I also started having urinary issues when i was about 24 - from very freaky terrifying car crash.....
I will admit that I have had many tearful nights of agony, frustration, and unbelievable pain across my entire body
from head to toe. As well as continence and urinary issues, i had very crazy spasms, and shaking and such....
walking was very difficult for a long while- and i end up having PTSD from all that mess

I do like how Mark over at http://www.wearing-adult-diapers.com/ (see diaper dynamo on youtube) puts it.
He seeks to remove the stigma associated with diapers and incontinence.

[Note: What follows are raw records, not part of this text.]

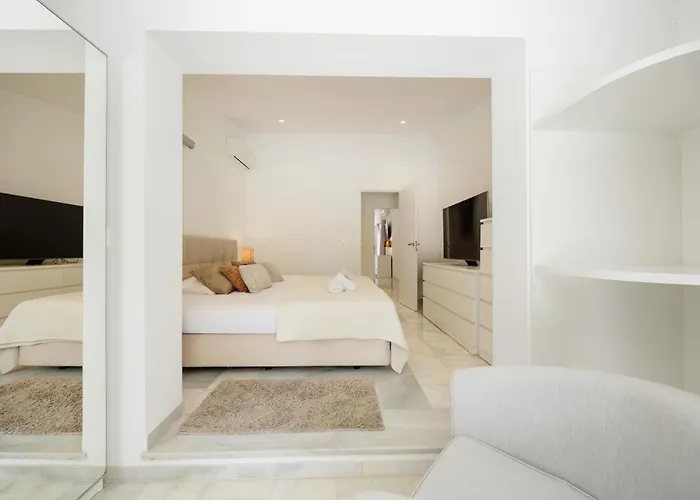 Будинок відпочинку Marbella, Costabella - Beachfront With Heated Pool *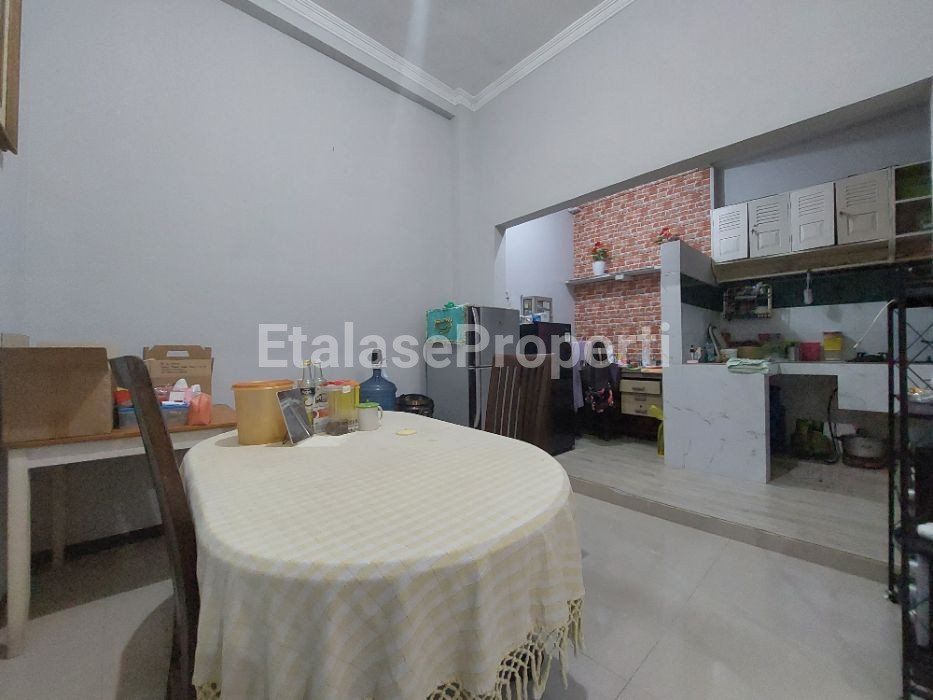 Foto properti DIJUAL RUMAH DI TAMAN PONDOK INDAH SURABAYA BARAT 4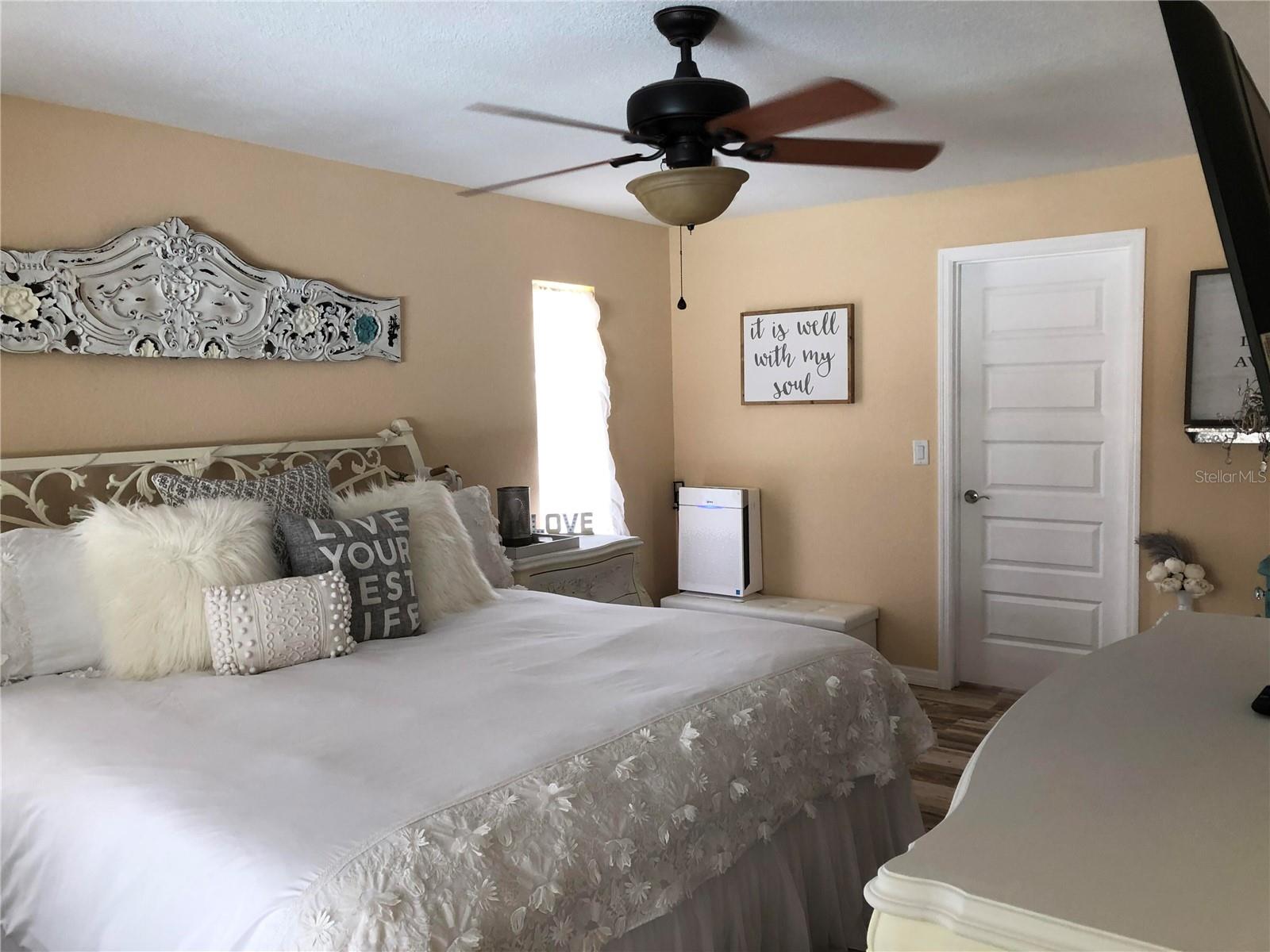 201 CHARDIN DR, NOKOMIS, FL, 34275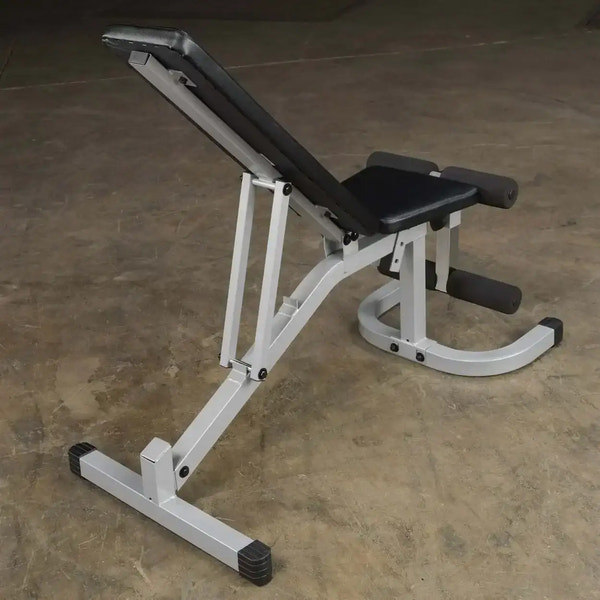 Verstellbare Hantelbank für Homegym & Studio – robustes Fitness-Kraftgerät mit schwarzem Polster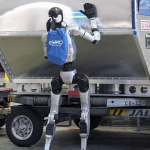 Featured & Cover Airport Robots Tested for Baggage Handling in Tokyo Trial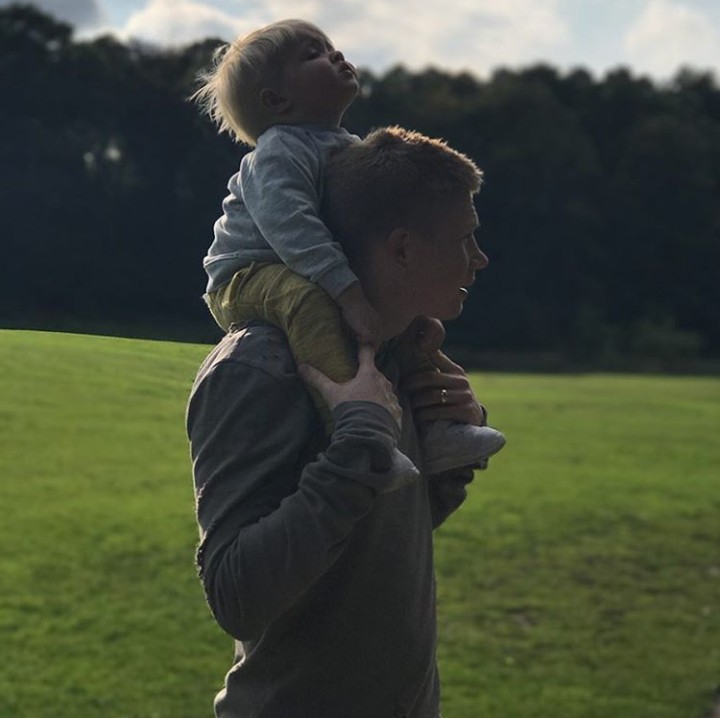 <p>Digendong seperti ini, si kecil Mason sepertinya menikmati banget ya. (Foto: Instagram @lacroixmichele)</p>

We wear diapers for a variety of reasons
each of us, in dealing with it face our own stage of grief- denial/isolation, depression, anger, acceptance and bargaining
and can change into any of the stages of grief in any order at any time.
I have hated myself and loathed my condition and injuries and predicament and especially all the embarrassment and pain that followed my car crash.
I oft pondered and wondered about woulda/shoulda/coulda and crap.... but it really isn't all that helpful.
I still sometimes hate myself and my accidents - but in perspective of things, it aint that bad.
And frankly, diapers were much welcomed when i was in so much pain - have trouble moving and walking. Add some urinary frequency, urgency and pain- and some leakage- suddenly diapers sound like quite a nice blessing. No need to worry so much about getting up to the toilet all the time. And I can actually enjoy a movie
or something to help take my mind off my pain & problems. Without the diapers i would have to get up every single time, and crawl to the bathroom- practically live there.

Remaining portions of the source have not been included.